We explore the foreign economic policy activities of Arthur I. Bloomfield, a prominent economist of the Federal Reserve Bank of New York in the 1940s and the 1950s. During the cold war, Bloomfield headed several missions to South East Asia, assisting local authorities in shaping new foreign exchange regimes and banking institutions. Bloomfield's most successful mission concerned the constitution of a new central bank in South Korea, established in June 1950.
In line with the Fed's new strategy established by Robert Triffin, head of the Latin American section, Bloomfield moved away from the dogmatic style of Edwin Kemmerer that dominated U.S. overseas missions in the first half of the twentieth century; “Southern” economies, in fact, rather than benefiting from Kemmerer's policies, had been increasingly hit by cyclical instability. According to Triffin and Bloomfield, U.S. overseas missions should loosen constraints on the activity of economic institutions and policy authorities, in order to increase their effectiveness as guarantors of financial stability and promoters of national development.

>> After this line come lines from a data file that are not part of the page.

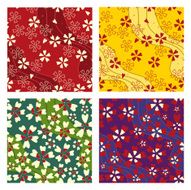 Seamless cherry blossom wave pattern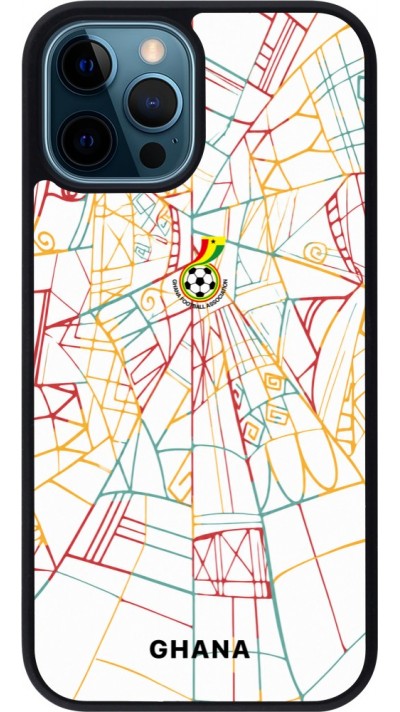 Coque iPhone 12 / 12 Pro - Silicone rigide noir Maillot de football Ghana 2026 personnalisable
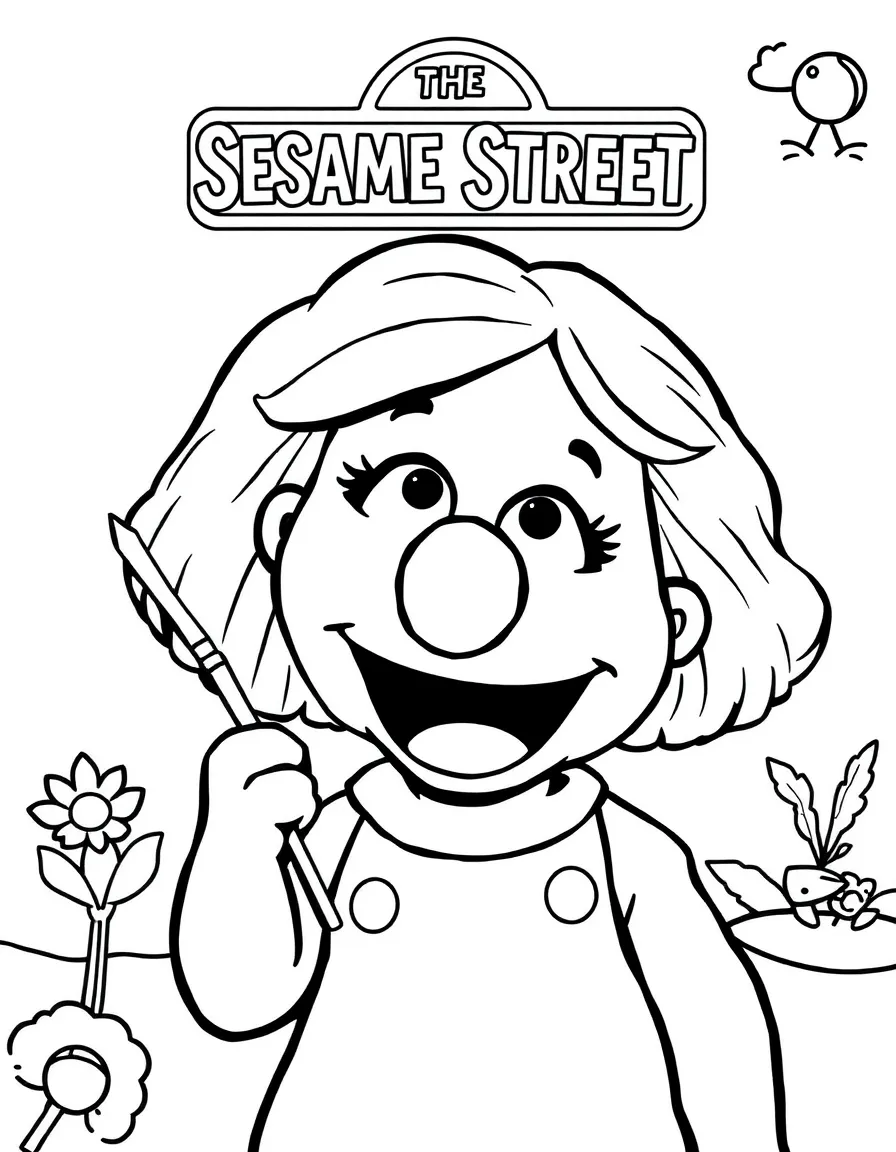 (Sesame Street) Julia painting.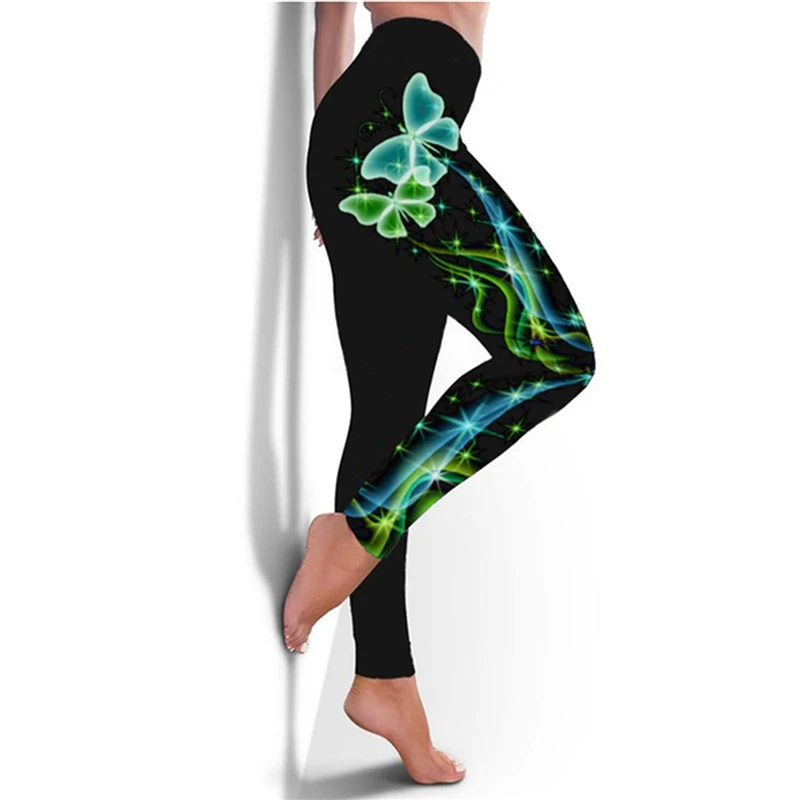 

2021 New Fashion 2XL 3D Butterfly Plus Size Leggings High Waisted Sweatpants Woman Pants Holographic Workout Legging Trouesrs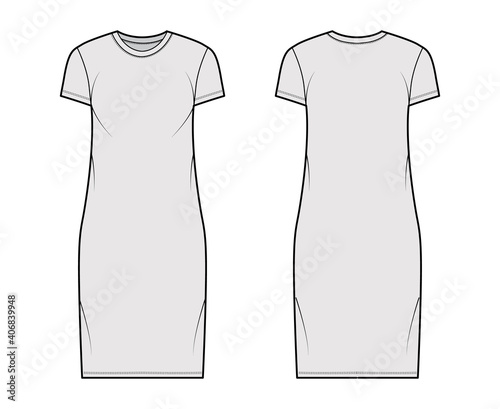 T-shirt dress technical fashion illustration with crew neck, short sleeves, knee length, oversized, Pencil fullness. Flat apparel template front, back, grey color. Women, men, unisex CAD mockup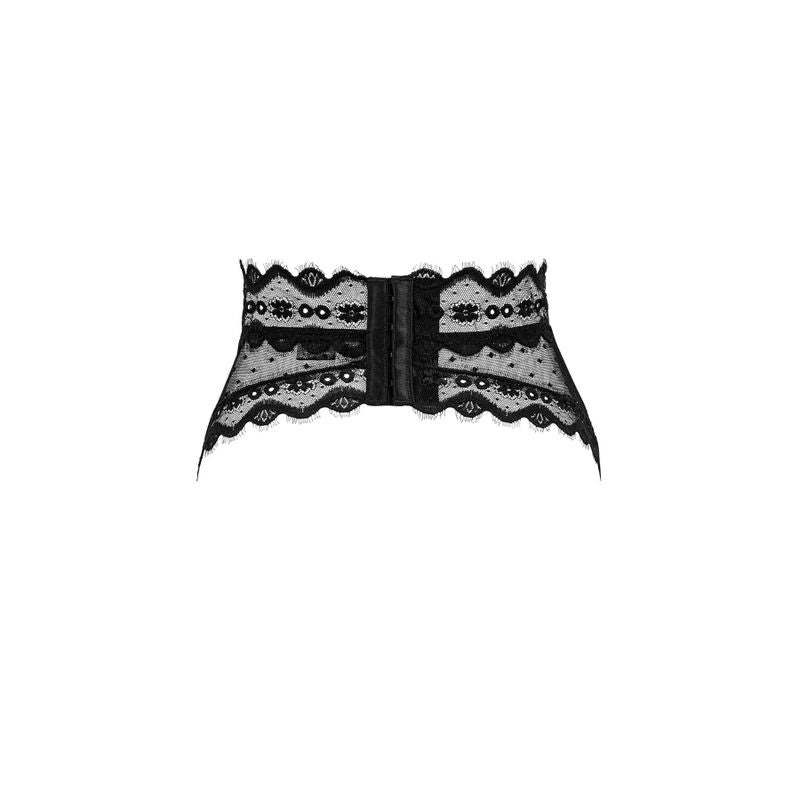 Пояс для панчох Obsessive Marrbel з візерунками, чорний, L/XL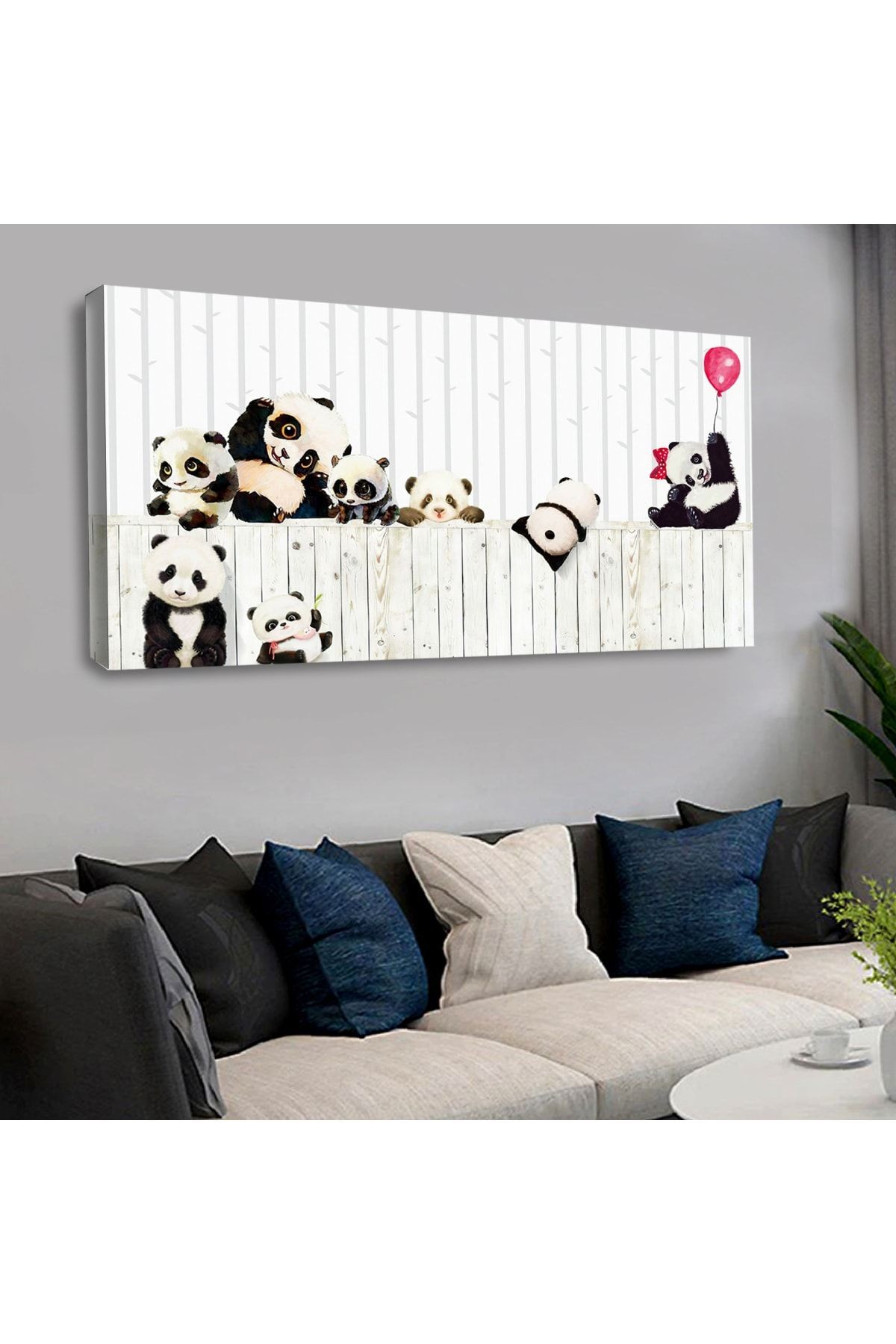120 X 60 Saatli Kanvas Sevimli Panda Tablo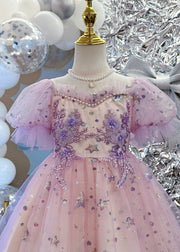 Cute Light Purple Nail Bead Star Tulle Girls Holiday Long Dress Summer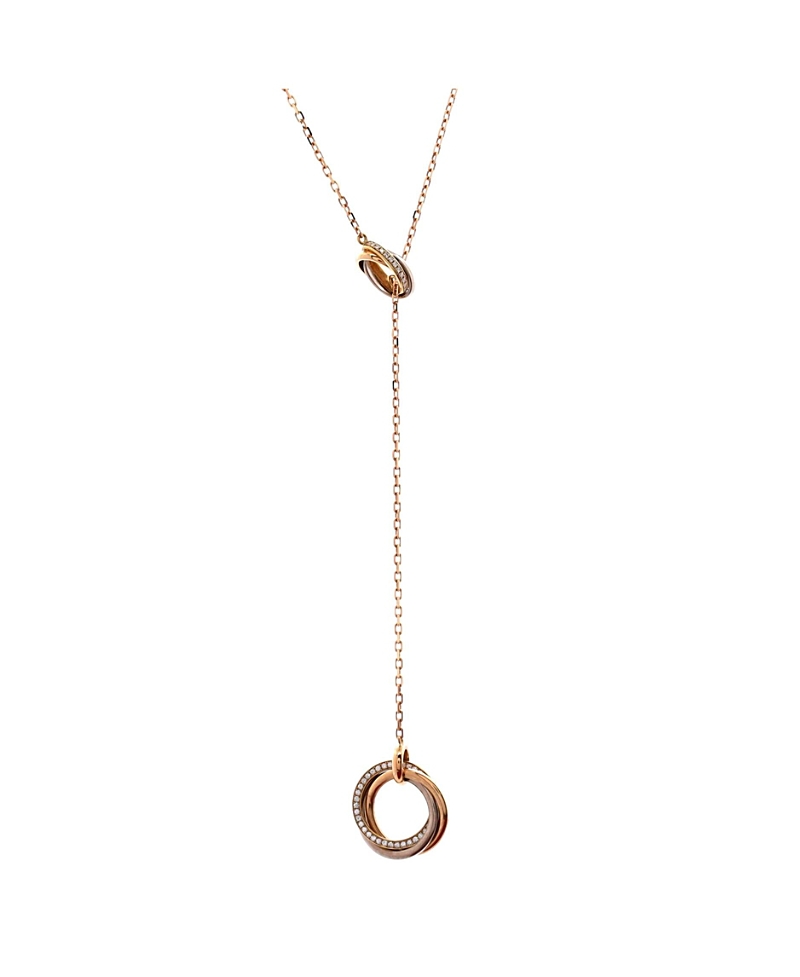 Pre-owned Pre-owned Cartier Cartier Trinity Lariat Necklace 18k Tricolor Gold With Diamonds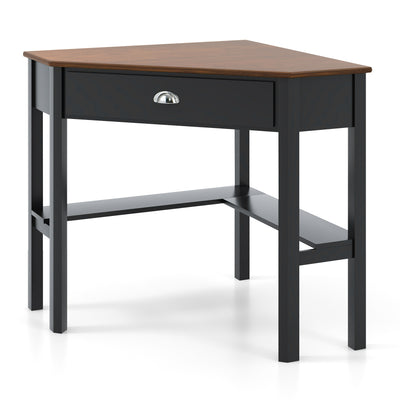 Corner Wooden Piece Laptop Computer Desk-Coffee
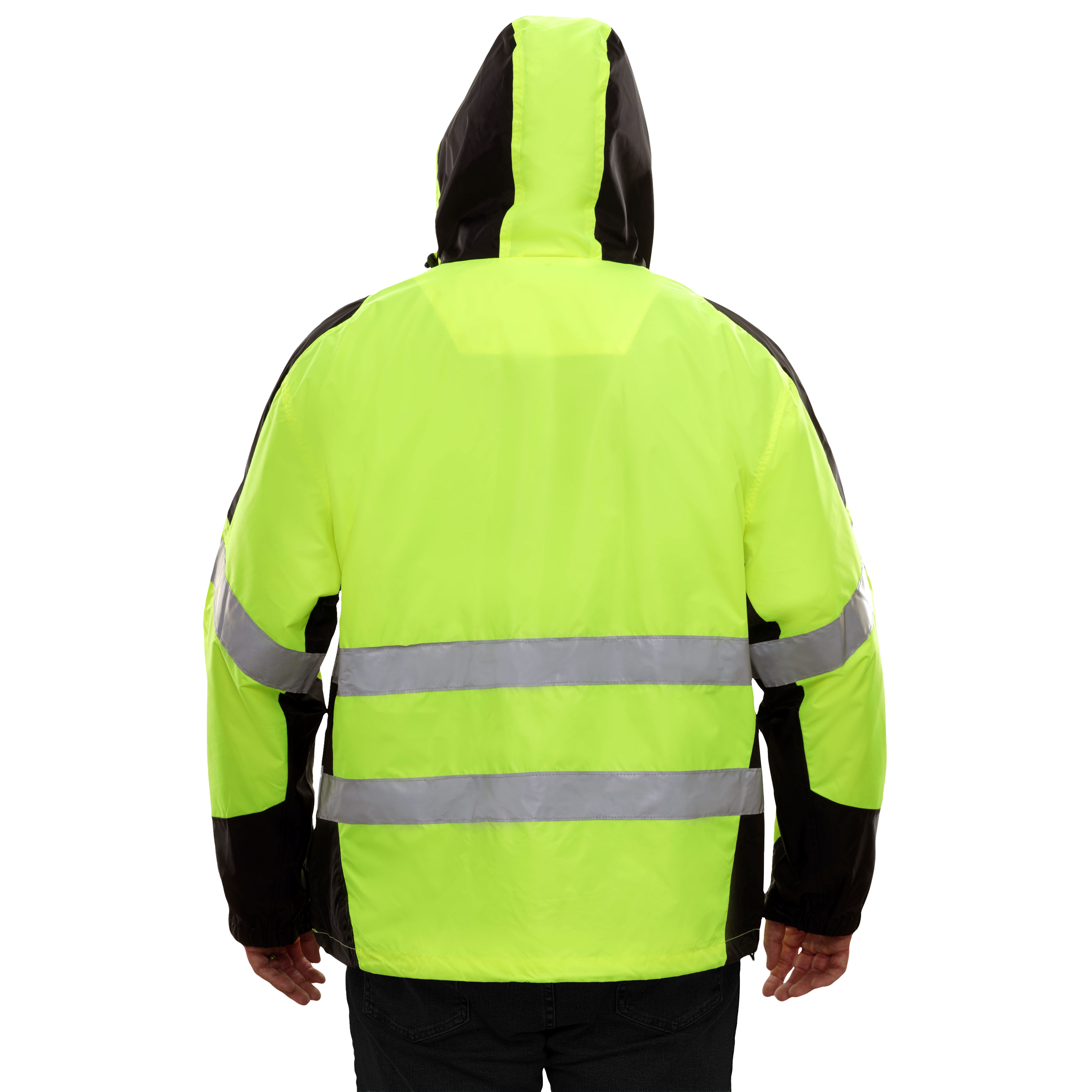 Safety Jacket Hi Vis Hooded Windbreaker Water Resistant 2-Tone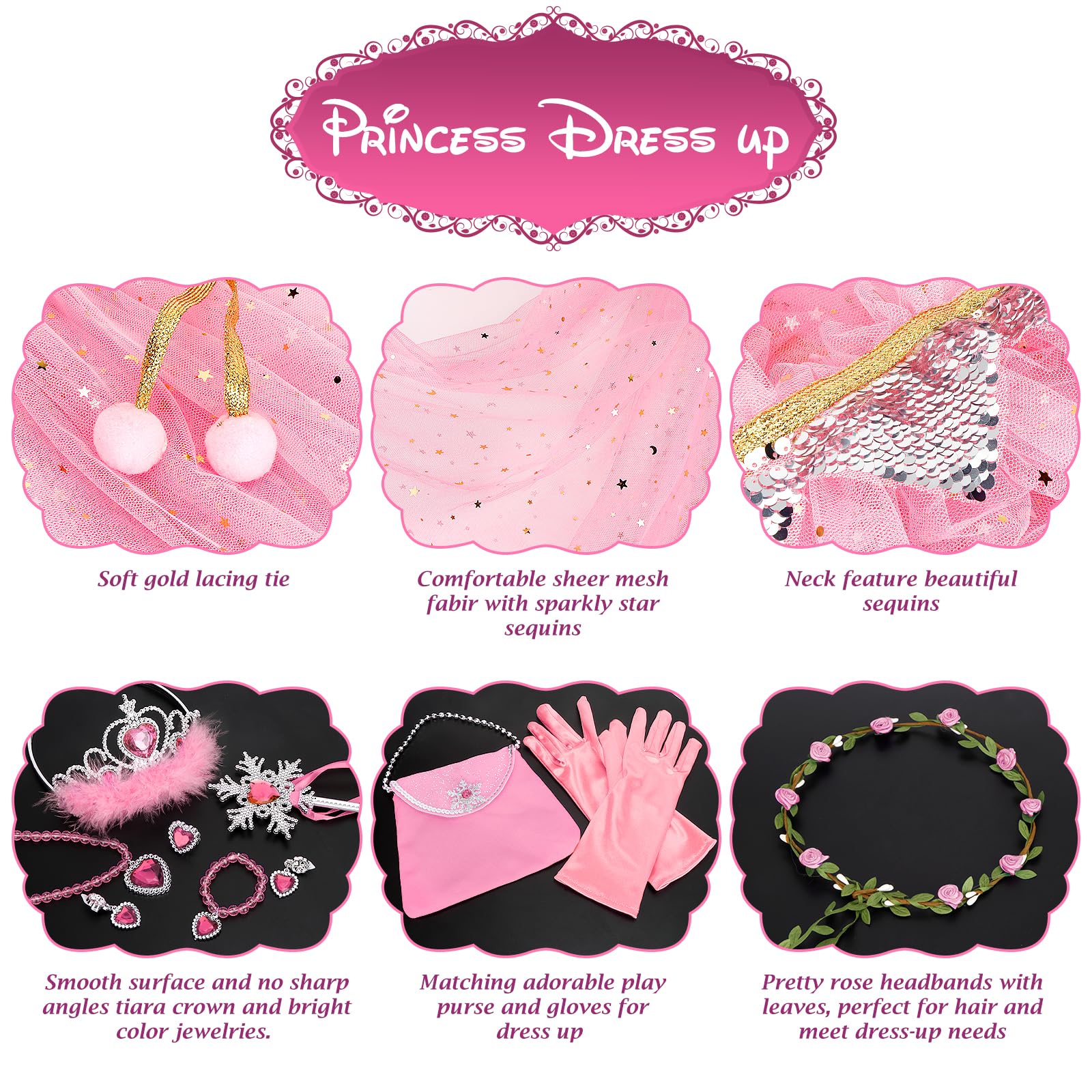 Fedio Princess Cape Set - 12 Pc Dress Up Costume for Girls Ages 3-8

We examine this episode in the light of the U.S. postwar foreign economic relations and the concept of “embedded liberalism.” The Bloomfield missions to South Korea show with great clarity the principal features of the Fed's new foreign strategy and the need to examine the actual advisory activity of Fed economists during the 1940s: they were at the intersection between domestic and international political and economic systems. Ultimately, they played a major role in forging the actual foreign policy of the United States.